Diresse la giunca verso la riva destra la quale era molto bassa e interrotta da un gran numero di canali che servivano di scolo alle acque d’una immensa palude, che si estendeva a perdita d’occhio verso il nord.

— Imbarcatevi nella scialuppa ed aspettatemi — disse il vecchio mongolo, armandosi di una scure.

Il signor Muscardo, il missionario, i loro compagni ed i cinque marinai della giunca si calarono nella scialuppa portando con loro le armi, le munizioni e delle provviste da bocca.

Un momento dopo il vecchio pescatore li raggiungeva dicendo:

— È fatto: ho sfondato i fianchi alla mia nave e l’acqua entra a torrenti. Povera vecchia! Ha terminata la sua lunga esistenza! Purché non sia un brutto augurio per me.
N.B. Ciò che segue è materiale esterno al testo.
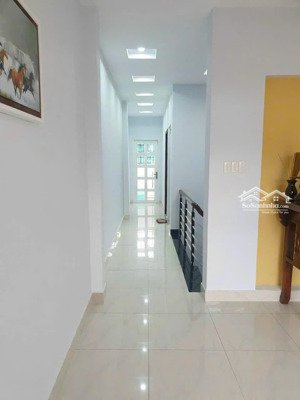 nhà ngay mặt tiền kdc bình hưng, bình chánh, gần bến xe quận 8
— Partiamo — disse il signor Muscardo.

In quel momento sul ponte della piccola nave si udì un lugubre latrato.

— Ho lasciato il mio cane — disse il pescatore.

— Potrebbe tradirci coi suoi latrati — disse il signor Muscardo.

— Forse avete ragione. Prendiamo il canale di destra e arranchiamo.

La scialuppa sotto la spinta di otto remi poderosamente maneggiati si cacciò nella palude, mentre la giunca affondava lentamente girando su se stessa e scricchiolando.